Work task: Repeat only the lines below that run from the line with "Is Live Casino" to the line with "LCD kijelző MacBook", ends included; skip every picture.

[[ Records supplied, beginning ]]

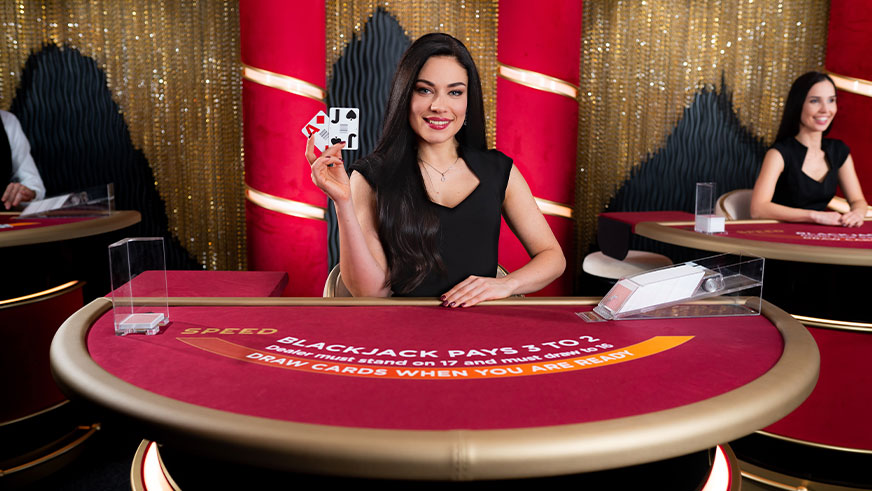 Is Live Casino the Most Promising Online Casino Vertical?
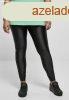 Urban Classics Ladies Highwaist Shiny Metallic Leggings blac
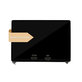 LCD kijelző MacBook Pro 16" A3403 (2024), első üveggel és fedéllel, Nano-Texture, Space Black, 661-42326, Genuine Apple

[[ Records supplied, end ]]
[[ Records supplied, beginning ]]

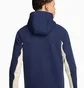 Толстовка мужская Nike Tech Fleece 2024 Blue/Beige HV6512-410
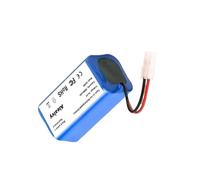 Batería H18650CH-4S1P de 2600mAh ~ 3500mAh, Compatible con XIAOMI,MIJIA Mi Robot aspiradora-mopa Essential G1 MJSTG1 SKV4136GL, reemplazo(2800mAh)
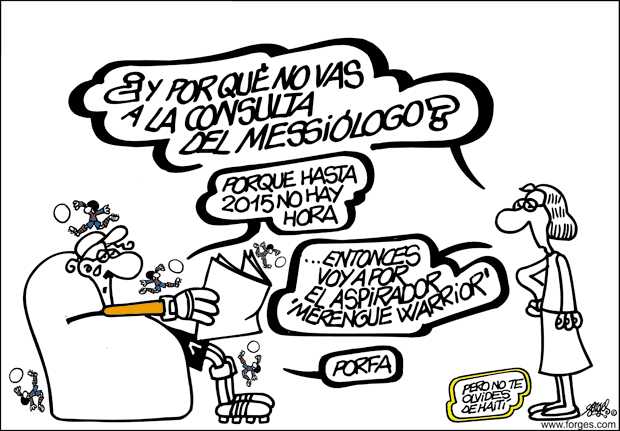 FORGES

[[ Records supplied, end ]]

Answer to the problem:
 Is Live Casino the Most Promising Online Casino Vertical?
 Urban Classics Ladies Highwaist Shiny Metallic Leggings blac
 LCD kijelző MacBook Pro 16" A3403 (2024), első üveggel és fedéllel, Nano-Texture, Space Black, 661-42326, Genuine Apple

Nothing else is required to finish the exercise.